Hehe, I just had a thread like this. 

People pretty much said they just bring them in and no one has said anything. One woman said she was asked to leave a grocery store but that's it.


----------



## LeStatKelly (Aug 25, 2011)

That's amazing as LeStats birthday is the 9th June 2010....what a coincidence!

I have started to take him everywhere with me lately...he comes to the shopping centre, train station, chemists and even the doctors when I take my granddaughter to the baby clinic. I don't take him into the food shops as you say but he comes into every other shop we go into.
I've never been challenged when I've had him with me even though the shopping centre says 'no dogs'...if anyone says anything I'm going to say he's a gerbil in disguise....lol


----------



## proudpeyotemama (Feb 20, 2012)

BrianaNicole said:


> Hehe, I just had a thread like this.
> 
> People pretty much said they just bring them in and no one has said anything. One woman said she was asked to leave a grocery store but that's it.

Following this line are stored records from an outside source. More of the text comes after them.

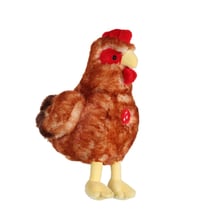 Peluche - Poule flammée sonore rousse - 22 cm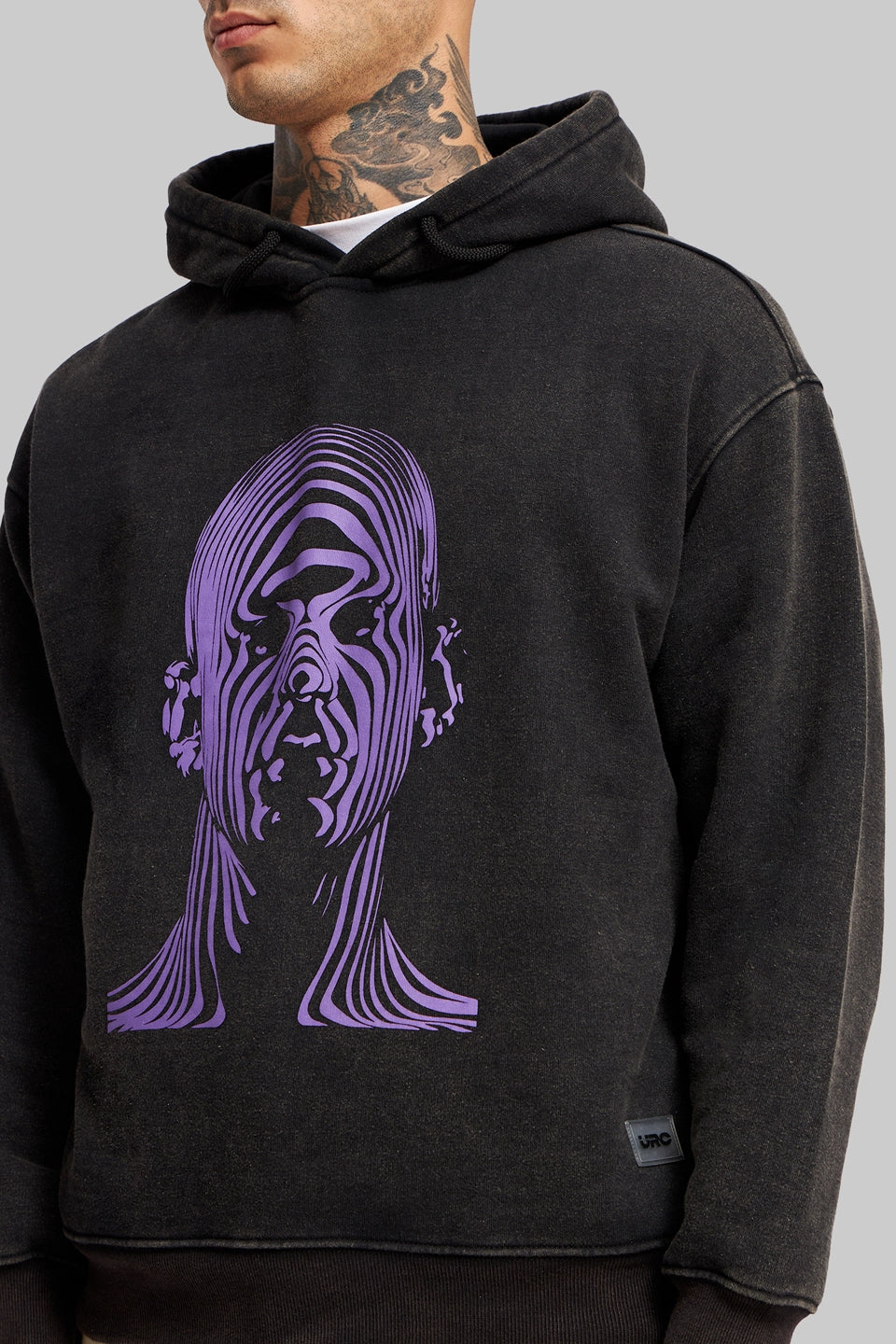 Acid Washed Black Printed Hoodie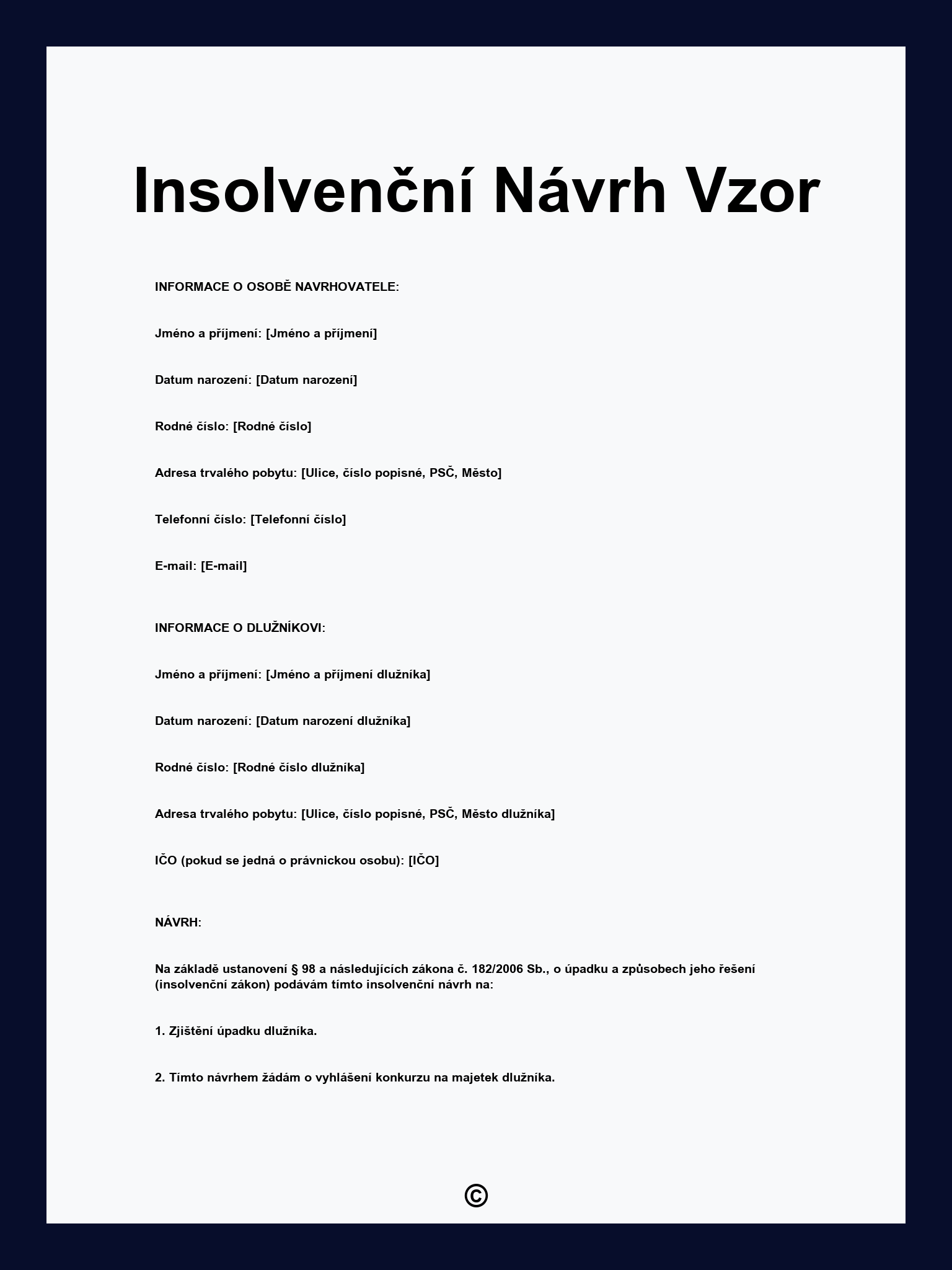 Insolvenční Návrh Vzor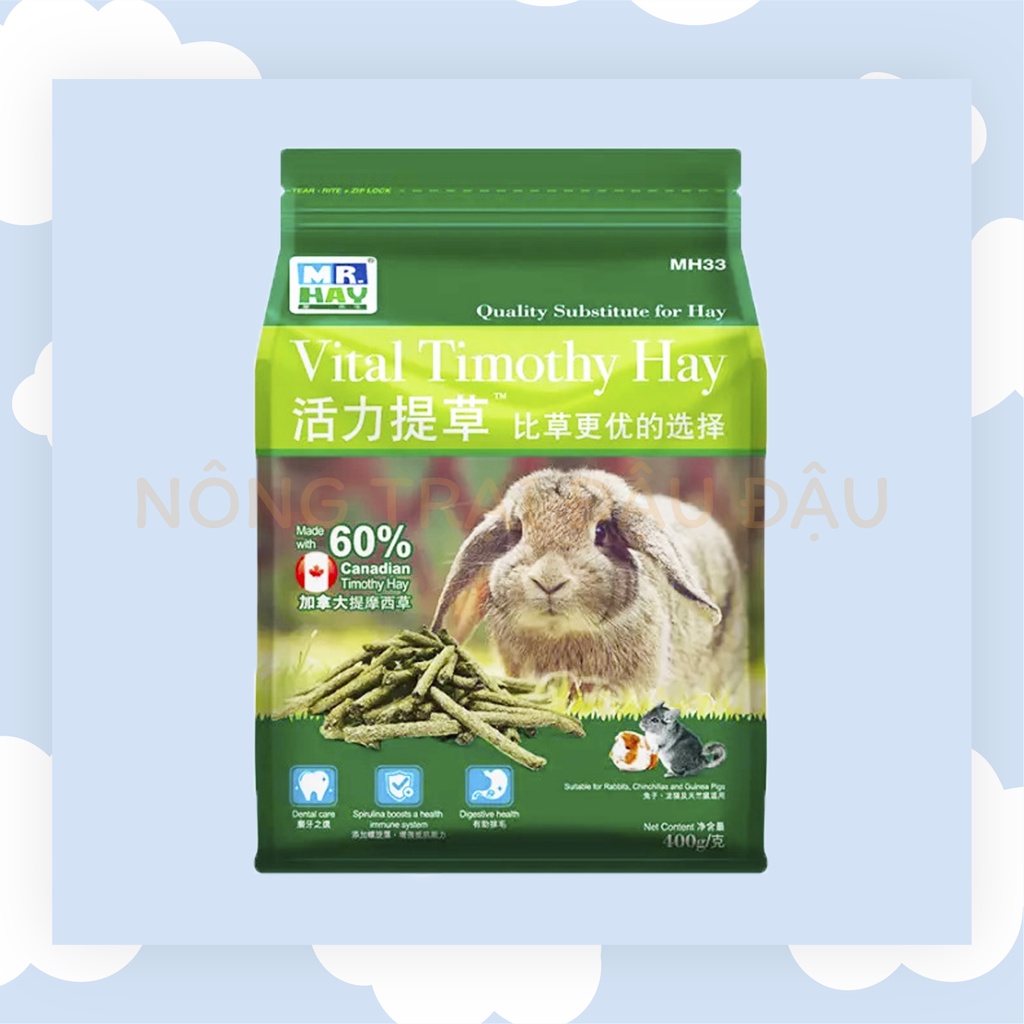 Bánh Cỏ Timothy Mr Hay Mài Răng, Hỗ Trợ Tiêu Hóa Cho Thỏ, Bọ Ú, Chinchilla 400g - MH33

I posted a similar question on Yahoo Answers & got a ton of "DON'T BRING YOUR DOG IN ANYWHERE" answers. I'm glad that everyone on Chi-People is much more understanding since they have little ones  Thanks!!! I'm gonna go check out your thread!


----------



## proudpeyotemama (Feb 20, 2012)

LeStatKelly said:


> That's amazing as LeStats birthday is the 9th June 2010....what a coincidence!
> 
> I have started to take him everywhere with me lately...he comes to the shopping centre, train station, chemists and even the doctors when I take my granddaughter to the baby clinic. I don't take him into the food shops as you say but he comes into every other shop we go into.
> I've never been challenged when I've had him with me even though the shopping centre says 'no dogs'...if anyone says anything I'm going to say he's a gerbil in disguise....lol


LOL - "gerbil in disguise!" This is good news!!! I'm always so nervous to take her in somewhere and be "called out" about having a dog in a store, glad to hear that not many others have had problems. It's not like she will be walking around and in sight - she'll be in her "doggy purse" - still somewhat visible, but not doing anything that would hurt or bother anyone else. Thanks for your answer!!!


----------



## Mel's chi's (Jun 2, 2011)

I take mine almost everywhere! I even took them to the Neurologists office ( he's an hour away and I'm there usually an hour and you never know about the traffic retuning...I don't like leaving them more than 4 hours) and no one said anything-- other than several "oh how sweet" whispers here and there! 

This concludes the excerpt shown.